[Collected data entries]
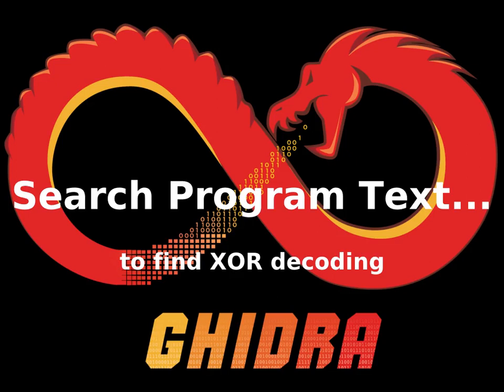In this video, we're going to use Ghidra's search program text functionality to find places in a program where there is XOR decoding happening.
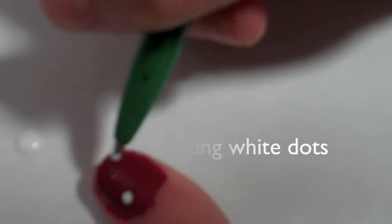And start making random dots. They don't have to be equal, but make random dots.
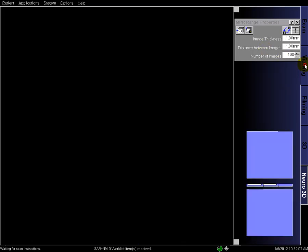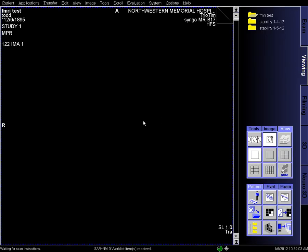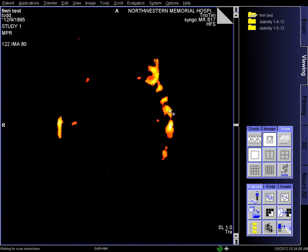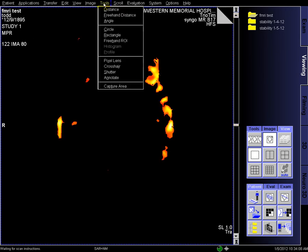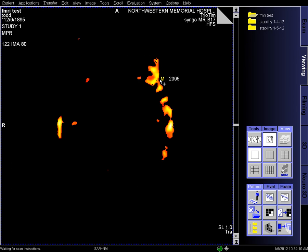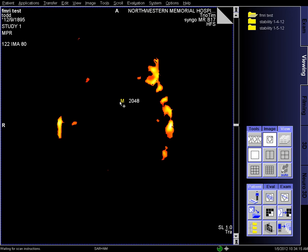Load that into the regular viewer. And as we scroll through, you'll see the different colors. We can turn on the pixel lens and get the intensity, and that's 2500 there, and the background is 2048.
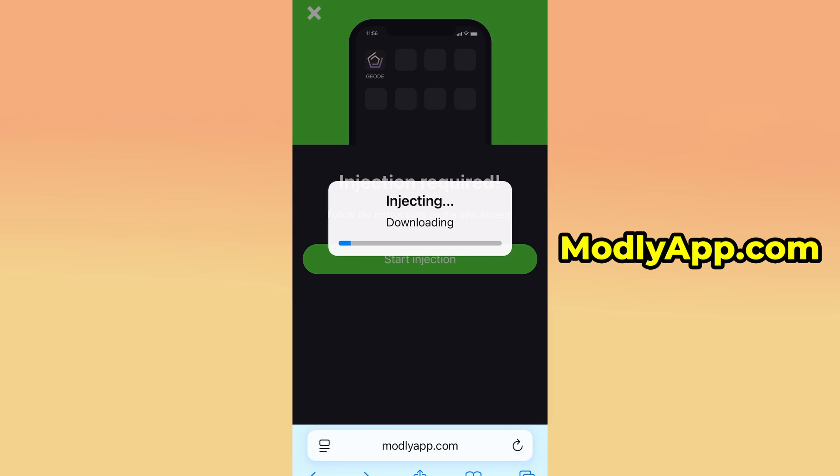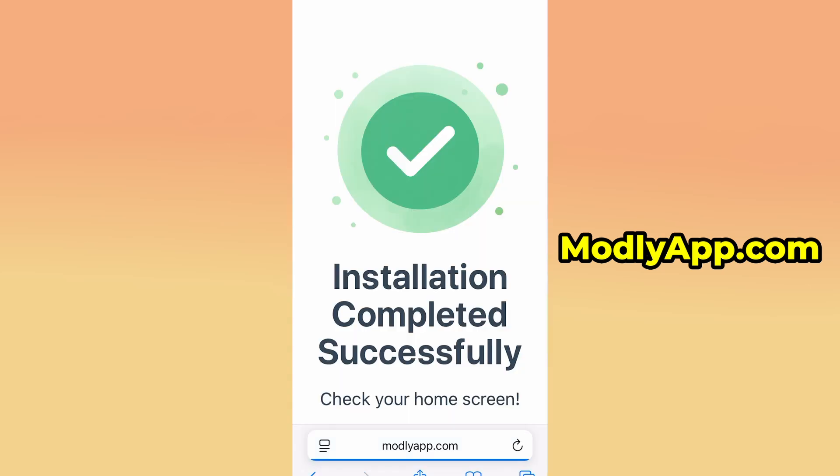If this is your first time using the platform, you'll be asked to complete a quick verification step. You'll be redirected to a separate page where you need to install a few free apps from the App Store or Play Store. A step-by-step guide is shown on the screen, making the process very easy to follow. Once the verification is completed, the installation will continue automatically.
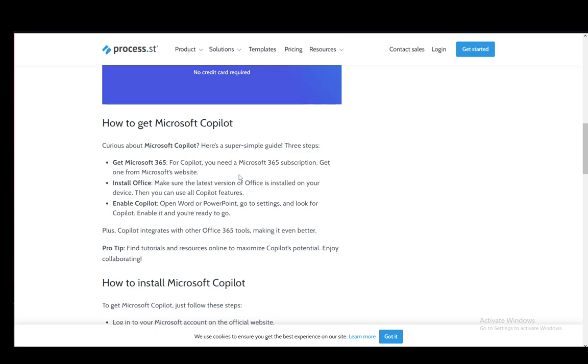Now, first and foremost, what you need to get Microsoft Copilot is a Microsoft 365 subscription, which you need to pay for on a monthly basis, but you do need it for Copilot.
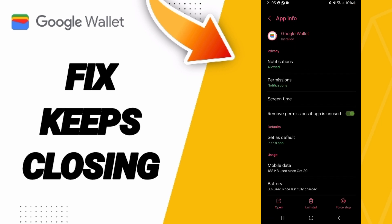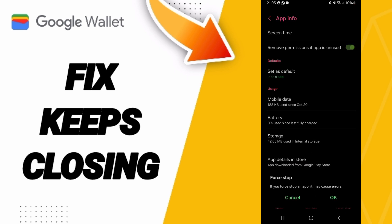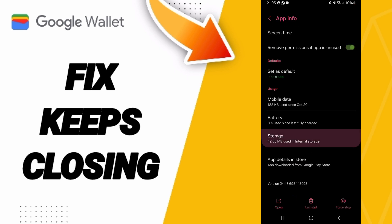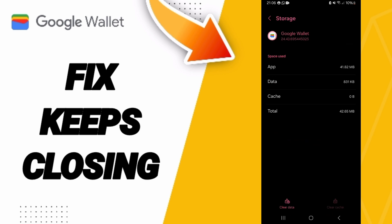Here on the App Info page, click Force Stop and click OK. Then enter the Storage window and click on Clear Cache.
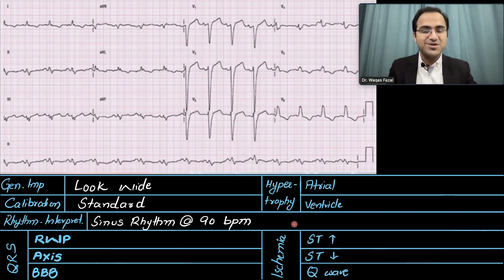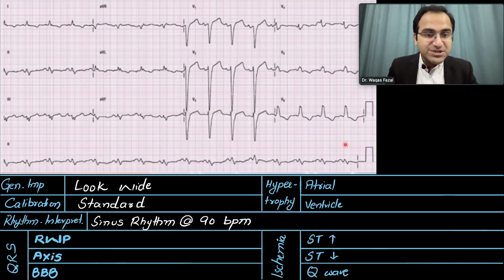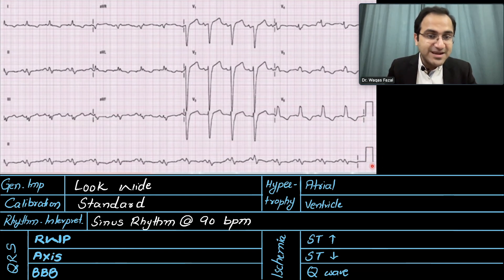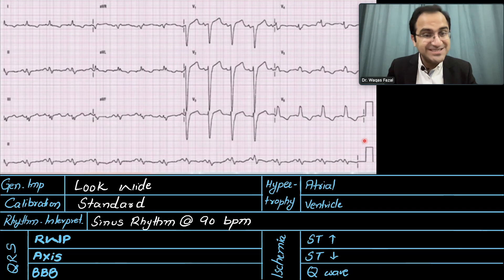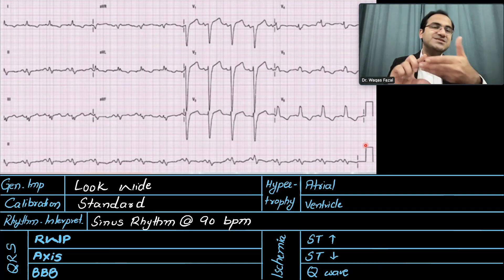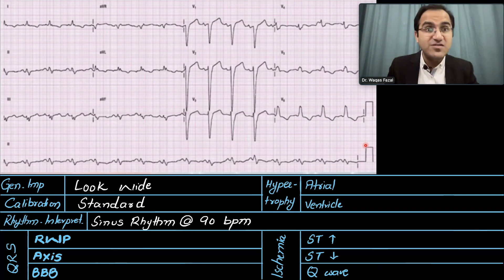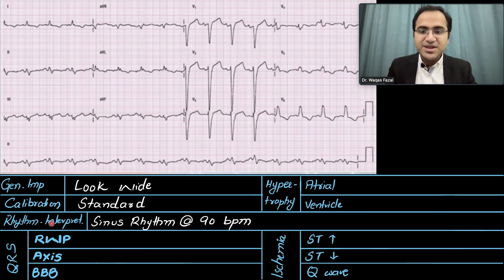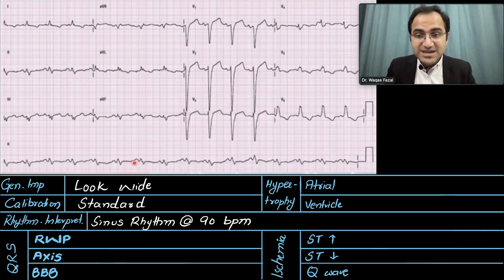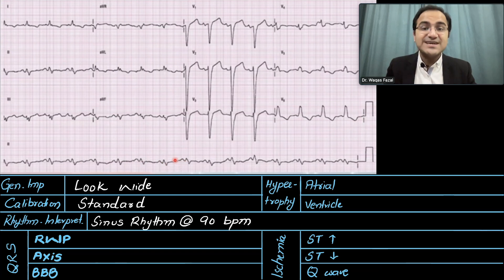Looking at the calibration: a normal standard calibration box should be 2 large boxes tall and 1 large box wide. This is a standard calibration, meaning the ECG machine is printing at 25 mm per second. Looking at the rhythm: P waves are present and are followed by QRS complexes, so this is a sinus rhythm.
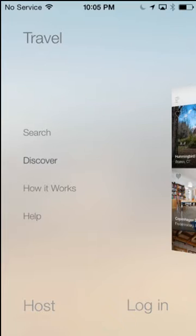It seems like there's usually more options. Now if I look up, there's a large travel title. If I look down, I have the ability to look at host or login.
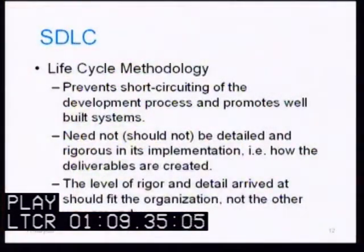The next level is repeatable, where there is a bit of process discipline. Then defined, where there are documented processes that on occasion get improved. The next stage is managed, where there are measures to determine the effectiveness of processes. And finally, optimizing, where the processes are well defined and quality measures are used to continually improve upon the existing regimen.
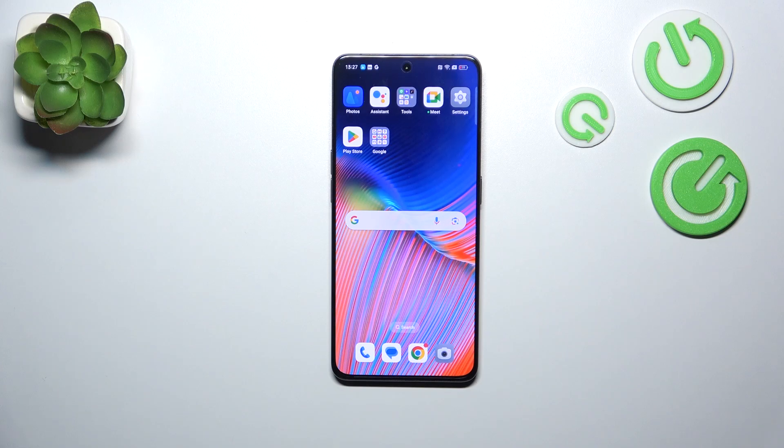Hi everyone. In front of me I've got the Oppo Reno 8 Pro and let me show you how to add or remove a Google account on this device.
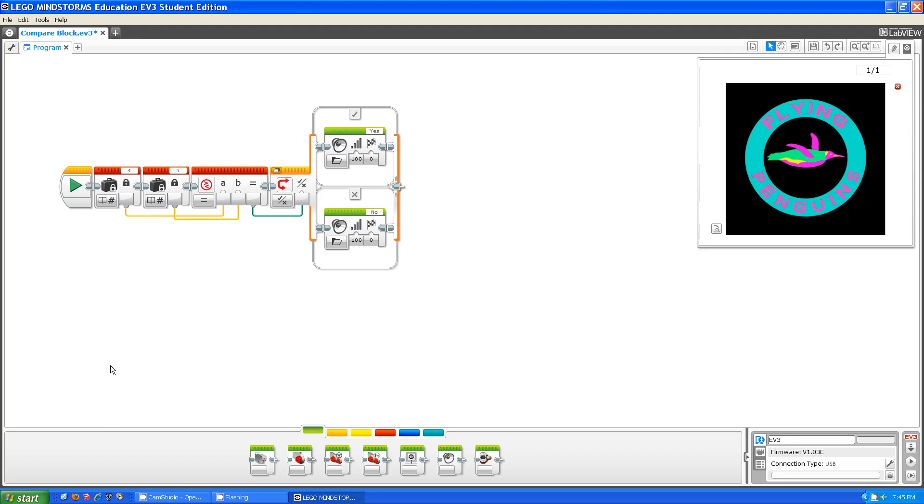Hi guys, this is Julia from Team Fluorescent Flying Penguins, and today I'm going to be talking about the compare block.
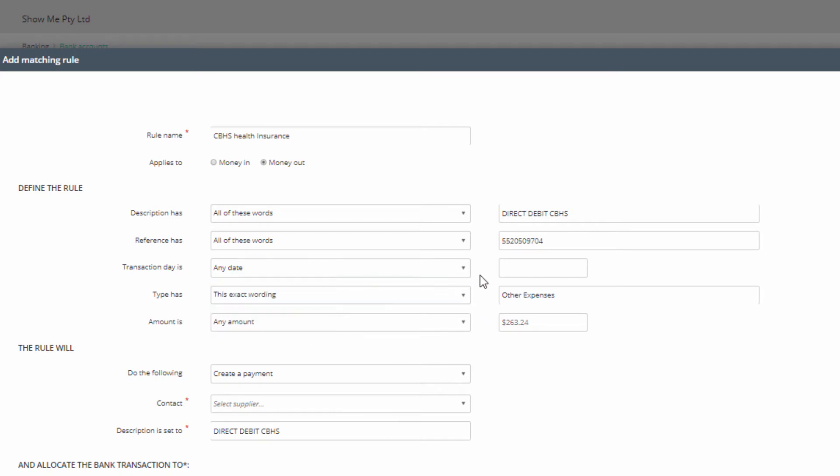Some of these fields will populate with information from the transaction you launched the Create Rule from, so review it and change any information that identifies just this one transaction and will not identify other transactions of this type.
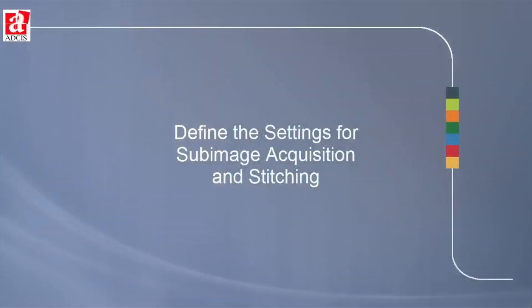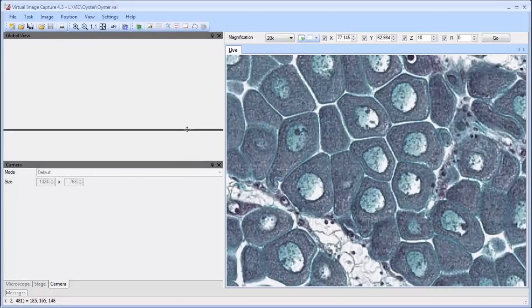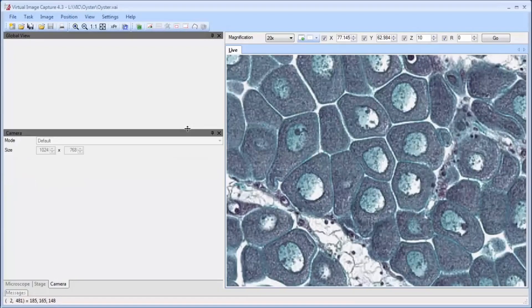Next, we define the settings for sub-image acquisition and stitching. By removing some of the border pixels of acquired images, some optical distortions due to lens aberration and illumination can be removed.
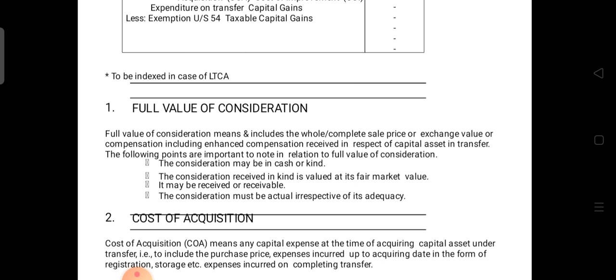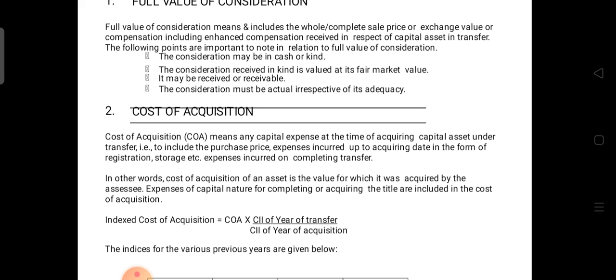The second important thing is cost of acquisition (COA). Cost of acquisition means the capital expenses incurred at the time of acquiring the asset. It includes the purchase price, and expenses incurred up to the acquiring date in the form of registration, storage, and expenses incurred on completing the transfer. Cost of acquisition of an asset is the value for which it was acquired, and expenses of a capital nature for completing or acquiring the title are also included.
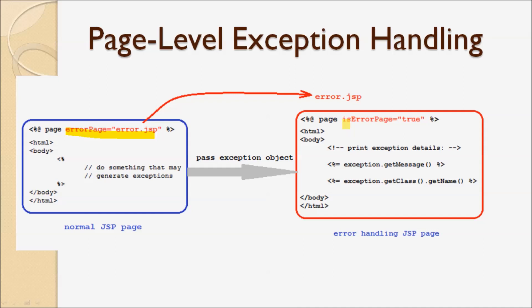we specify the attribute isErrorPage equals true in the page directive, and then we can print the exception details. This is exception handling at page level. With this way, we have to edit many JSP pages, which is not effective.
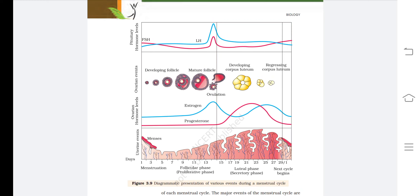Ovulation occurs after the follicular phase. Then the luteal phase or secretory phase starts: progesterone increases and estrogen decreases, with LH and FSH at normal levels. The remnant of the Graafian follicle forms the corpus luteum, which secretes progesterone. In the latter part of the luteal phase, the corpus luteum regresses, estrogen increases again, progesterone decreases, and the next cycle begins.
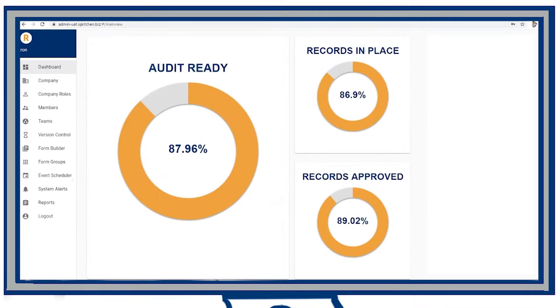On the compliance dashboard, the HACCP coordinator views the status of all outstanding tasks and records. The dashboard shows the percentage of completed and approved records in the company by their department.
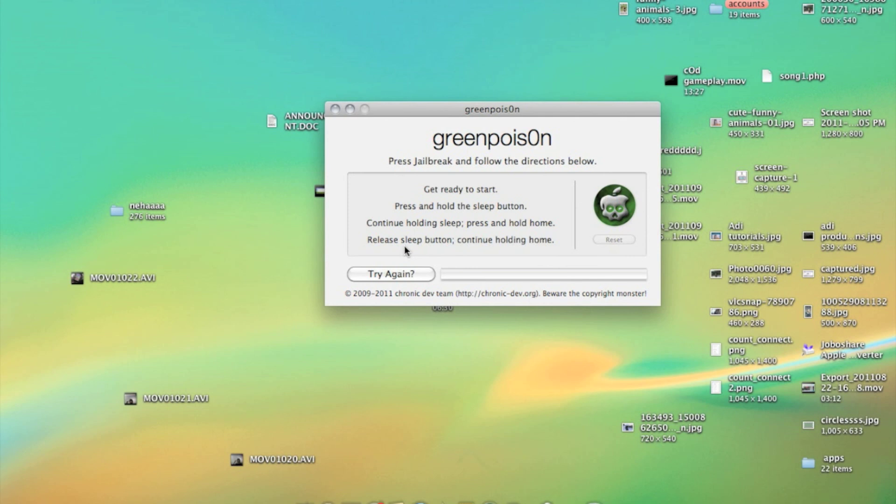Hope you will be able to jailbreak your iPhone or iPod Touch easily. Have a happy jailbreaking and thanks for watching the video. Thanks a lot.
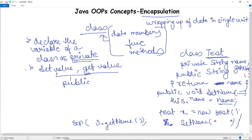Encapsulation is demonstrated here because the private String 'name' member of class test cannot be accessed outside that class. It is encapsulated because the variable is declared as private. The public getter and setter methods allow controlled access to modify and view the variable value within the class scope.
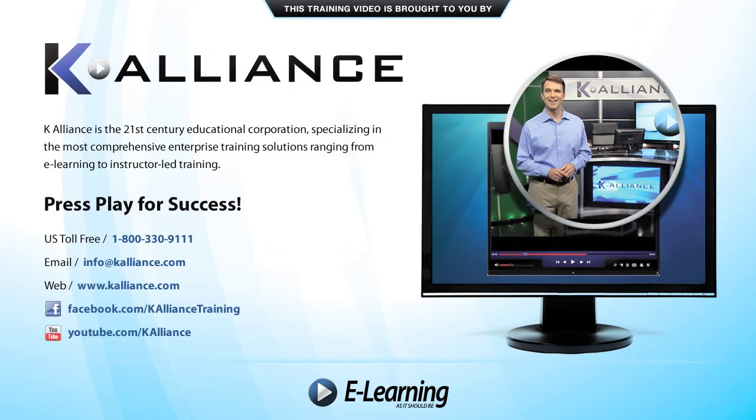This training video is brought to you by K-Alliance. K-Alliance is the 21st century's educational corporation, specializing in the most comprehensive enterprise training solutions, ranging from e-learning to instructor-led training. Press play for success!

» PROBLEM TO SOLVE: Copy the records exactly. Skip the images.

» ANSWER BELOW:
In this video, we're going to use Ghidra's search program text functionality to find places in a program where there is XOR decoding happening.
And start making random dots. They don't have to be equal, but make random dots.
Load that into the regular viewer. And as we scroll through, you'll see the different colors. We can turn on the pixel lens and get the intensity, and that's 2500 there, and the background is 2048.
If this is your first time using the platform, you'll be asked to complete a quick verification step. You'll be redirected to a separate page where you need to install a few free apps from the App Store or Play Store. A step-by-step guide is shown on the screen, making the process very easy to follow. Once the verification is completed, the installation will continue automatically.
Now, first and foremost, what you need to get Microsoft Copilot is a Microsoft 365 subscription, which you need to pay for on a monthly basis, but you do need it for Copilot.
Here on the App Info page, click Force Stop and click OK. Then enter the Storage window and click on Clear Cache.
Looking at the calibration: a normal standard calibration box should be 2 large boxes tall and 1 large box wide. This is a standard calibration, meaning the ECG machine is printing at 25 mm per second. Looking at the rhythm: P waves are present and are followed by QRS complexes, so this is a sinus rhythm.
It seems like there's usually more options. Now if I look up, there's a large travel title. If I look down, I have the ability to look at host or login.
The next level is repeatable, where there is a bit of process discipline. Then defined, where there are documented processes that on occasion get improved. The next stage is managed, where there are measures to determine the effectiveness of processes. And finally, optimizing, where the processes are well defined and quality measures are used to continually improve upon the existing regimen.
Hi everyone. In front of me I've got the Oppo Reno 8 Pro and let me show you how to add or remove a Google account on this device.
Hi guys, this is Julia from Team Fluorescent Flying Penguins, and today I'm going to be talking about the compare block.
Some of these fields will populate with information from the transaction you launched the Create Rule from, so review it and change any information that identifies just this one transaction and will not identify other transactions of this type.
Next, we define the settings for sub-image acquisition and stitching. By removing some of the border pixels of acquired images, some optical distortions due to lens aberration and illumination can be removed.
The second important thing is cost of acquisition (COA). Cost of acquisition means the capital expenses incurred at the time of acquiring the asset. It includes the purchase price, and expenses incurred up to the acquiring date in the form of registration, storage, and expenses incurred on completing the transfer. Cost of acquisition of an asset is the value for which it was acquired, and expenses of a capital nature for completing or acquiring the title are also included.
we specify the attribute isErrorPage equals true in the page directive, and then we can print the exception details. This is exception handling at page level. With this way, we have to edit many JSP pages, which is not effective.
Ovulation occurs after the follicular phase. Then the luteal phase or secretory phase starts: progesterone increases and estrogen decreases, with LH and FSH at normal levels. The remnant of the Graafian follicle forms the corpus luteum, which secretes progesterone. In the latter part of the luteal phase, the corpus luteum regresses, estrogen increases again, progesterone decreases, and the next cycle begins.
On the compliance dashboard, the HACCP coordinator views the status of all outstanding tasks and records. The dashboard shows the percentage of completed and approved records in the company by their department.
Hope you will be able to jailbreak your iPhone or iPod Touch easily. Have a happy jailbreaking and thanks for watching the video. Thanks a lot.
Encapsulation is demonstrated here because the private String 'name' member of class test cannot be accessed outside that class. It is encapsulated because the variable is declared as private. The public getter and setter methods allow controlled access to modify and view the variable value within the class scope.
This training video is brought to you by K-Alliance. K-Alliance is the 21st century's educational corporation, specializing in the most comprehensive enterprise training solutions, ranging from e-learning to instructor-led training. Press play for success!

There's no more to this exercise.